Commander Dan Burbank and Flight Engineer Don Pettit continued their orbital plumbing work inside the Water Processing Assembly (WPA), spending most of their day replacing the system’s catalytic reactor. The WPA supplies the crew with clean, recycled water by processing condensate, urine distillate, and Oxygen Generation Assembly by-products. The repair work is expected to take several days.

Flight Engineer Andre Kuipers performed maintenance work in the U.S. modules, inspecting and cleaning bacteria filters using the vacuum cleaner.
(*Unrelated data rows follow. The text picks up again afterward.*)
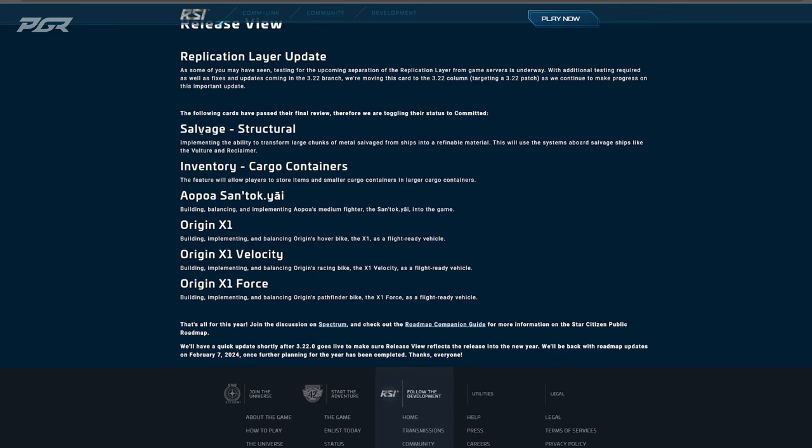So in addition to this, they also mentioned here that they're adding Structural Salvage, which we all know. These have been put to Committed: Inventory Cargo Containers as well as the Argo SanTok.yāi and the X1 series have all been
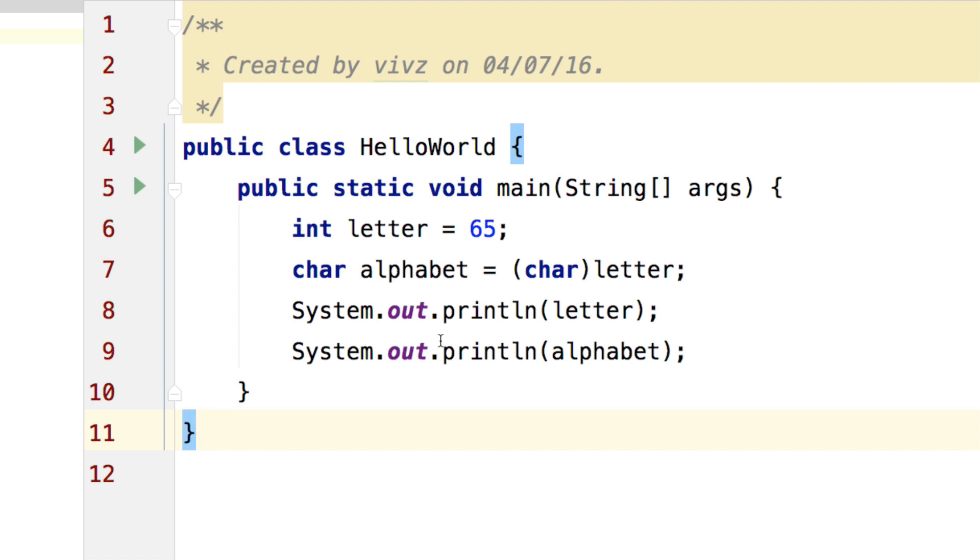The rule is pretty simple, if you have a smaller type and you are trying to store that into a larger type, everything is good. But the reverse is where you need to perform cut down or conversion. Thanks for watching, I will see you in the next video, have a nice day.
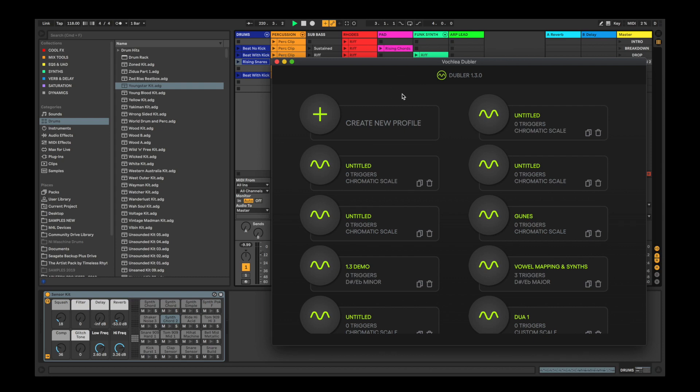In this video, we'll be getting started with using Doubler and Ableton Live Lite. Once you've downloaded and registered the Doubler app, you'll want to click Create New Profile to open up a blank profile.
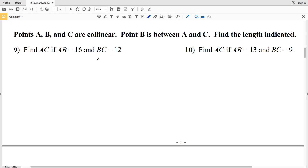In this video we're continuing on with the segment addition postulate worksheet on the CUDA software website. This is a free worksheet under the geometry tab, so let's go ahead and get started with number nine.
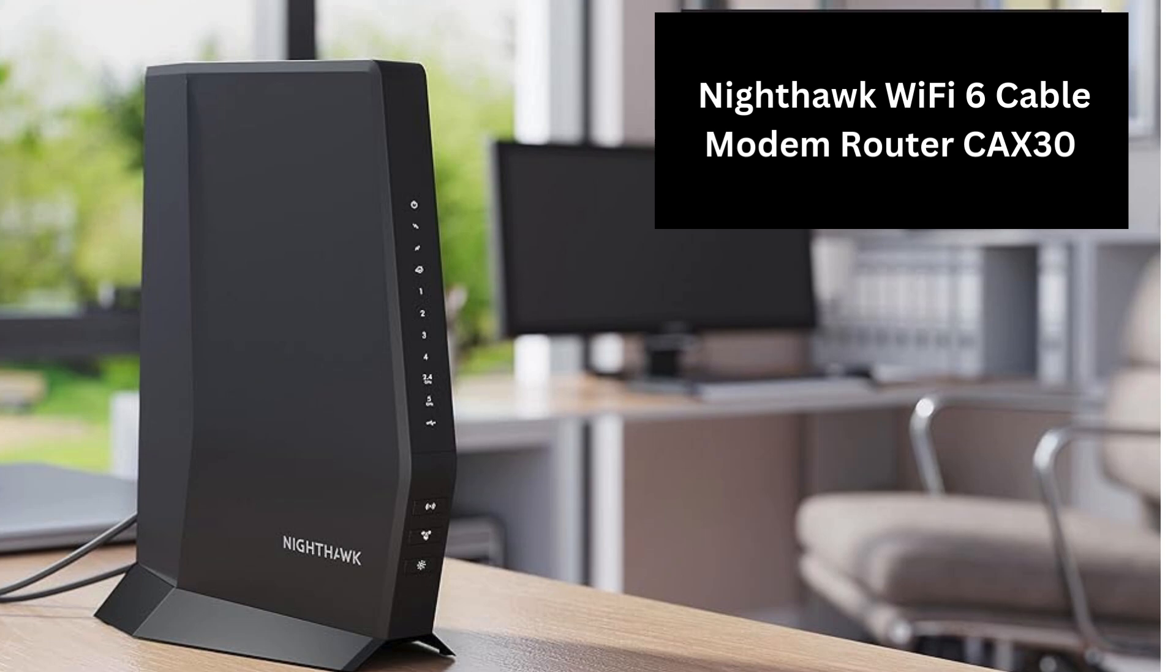Today, we're going to set up the Nighthawk Wi-Fi 6 Cable Modem Router, model CX30, in just a few easy steps. Let's get started.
Kuipers also was assisted by Burbank during the Integrated Cardiovascular experiment, which uses ultrasound scans to research the extent and causes of weakening of the heart during long-duration spaceflight.

Later, Burbank and Pettit discussed the progress of their mission with reporters from the CBS Radio Network during an in-flight interview.

Flight Engineers and cosmonauts Anton Shkaplerov, Anatoly Ivanishin and Oleg Kononenko worked in the Russian segment of the station, maintaining and monitoring its systems, transferring cargo and performing science experiments.

Meanwhile, flight controllers worked with the station’s Special Purpose Dexterous Manipulator, or Dextre robot, on the exterior of the orbiting laboratory as operations continue with the Robotic Refueling Mission (RRM) payload. The purpose is to demonstrate the ability of robotics to perform the complex work of refueling a satellite which includes opening and closing safety caps and valves, cutting through wires, removing insulation and transferring fuel. RRM was delivered aboard space shuttle Atlantis during STS-135 last year.